Sure would be nice to have Derek Lowe back and that $5M we sent with him to Cleveland!

Eric C.

May 29th, 2012
3:58 pm

This is where the manager really earns his keep. Anyone can manage when the hitters are hot and pitchers throwing well, but how do you do when the team crashes like it did last September. The good managers keep things from spiraling out of control in the really adverse situations.

Eric C.

May 29th, 2012
3:59 pm

I dont’ miss Lowe a bit…he had every freakin chance here and it was obviously not a good fit.

Milburn Drysdale

May 29th, 2012
4:01 pm

Hey Loser, the strike year was 1994, not 1995.

Patrick Malone

May 29th, 2012
4:11 pm

And not the first mention of Roger McDowell?

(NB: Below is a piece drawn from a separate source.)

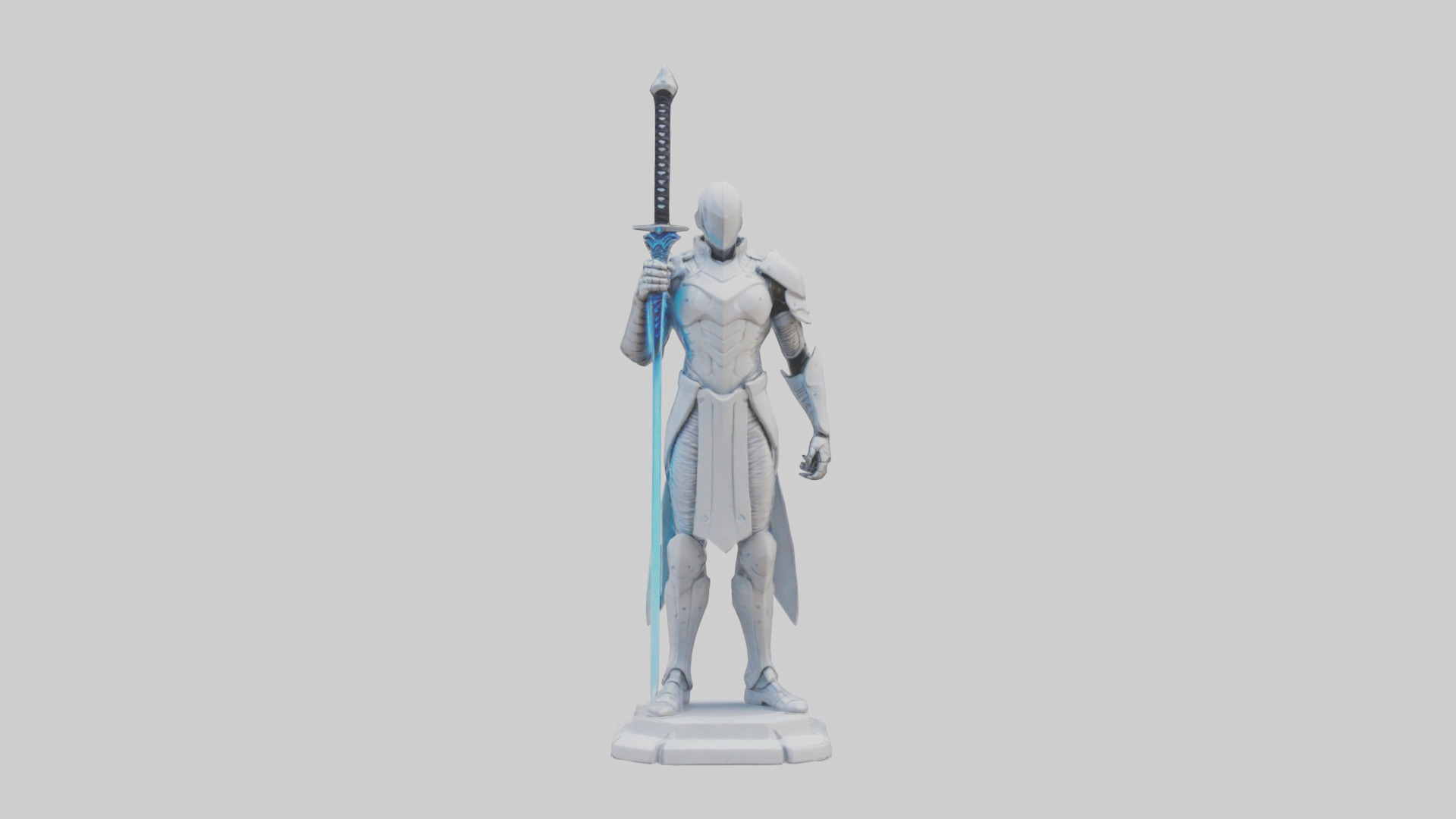 Futuristic Swordsman statue model 3D model_9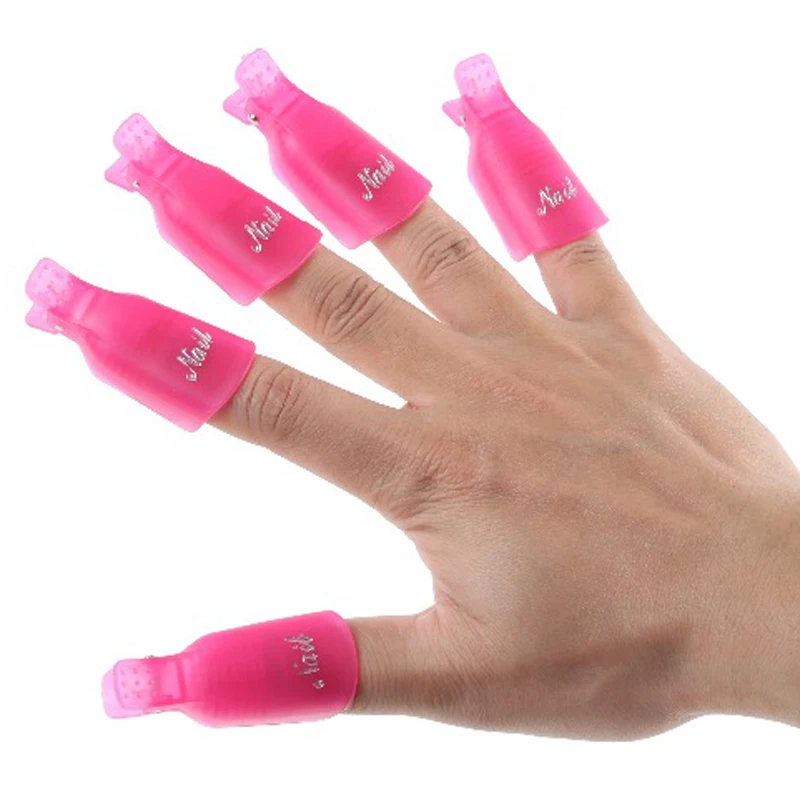 

10 pcs/set Polish Gel Makeup Remover Nail Art UV Nail Polish Remover Polish Package Nail Remover Tool Soak Cap Clip for Women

When the whole staff goes south it’s time to look for a new pitching coach. They all have the physical talent to win but lack the mental toughness that comes from a good pitching coach.

frmtheblchers

May 29th, 2012
4:22 pm

Your want change?stop buying tickets,hats,beers,tomahawks etc.send a message to the owners,that this will not do,until then why would things change there still making there money

bravo bravos

May 29th, 2012
4:28 pm

I realize that 8 games do not a season make (just as the first 4 did not) however I think the Braves will still be hovering around .500 at the All Star break and no better and probanbly worse as the summer drags on and the trade deadline approaches. Forget the Braves going for Greinke. I’m afraid we will be selling not buying. That’s sad for Chipper’s last stand. Since Bourn will not be back next season (Scott Boras) The Braves should make a move with him for pitching. I hope the Braves do not package and trade away many of the young pitchers. Yes they are going through challenging times but they are still among the top young pitchers of the future. A tough season or two like Glavine, Smoltz and yes, even the professor endured, toughens them for the future.

Ted

May 29th, 2012
4:43 pm

It’s great to see the Braves lose EIGHT in a row and get their butts kicked up and down MLB.

william in pasadena

May 29th, 2012
4:49 pm

Easy Breezy, J-Man, and the rest of you: I’ve said this for 3 years now, the Braves management does just enough to fake a good team so you Chipper fans can keep hoping. It is not Liberty Media’s fault. I’ll say it again, It is FW and FG who needs to go. Atlanta fans don’t deserve anything until they stop taking up for worthless Chipper. He is zapping everything out of the team. I don’t care how good he is. I can be great on the bench. And furthermore, the Braves don’t owe him anything. He was paid exceptionally well to be a part-time player. We are not guaranteed money if we don’t work. I said this Saturday, the answer is to stop stockpiling avg to junk players. Three very good ones are better than 10 average ones. BUT, this works in Atlanta because the fans keep hoping. So you fall for the ole okie doke. I also said 2 years ago that the AJC writers are wimps because they swallow all the bs from the Braves, Hawks, and Falcons management. J-Man, you are absolutely right about AJC sporswriters calling out Drew, but not FW, BC or FG. And just think, most of our fans in ATL blamed Pendleton. You didn’t like David Justice. You are hard on Heyward, but look at McCann, and Freeman appears to be headed the same way. So, you get what you deserve.

1eyedJack

May 29th, 2012
5:36 pm

Braves suck right now. Just have to tip our caps and get ‘em next week. ;)

2011champs

May 29th, 2012
5:54 pm

@Bravo… Chipper’s last stand?? He made his last stand several years ago when he won his batting title while sitting on the bench. Since then, he has been Custer at the Little Big Horn. He needs to go ahead and retire. That wat the team can at least know that they have to have a leader. Chipper led with his mouth, but they need someone to lead with his bat.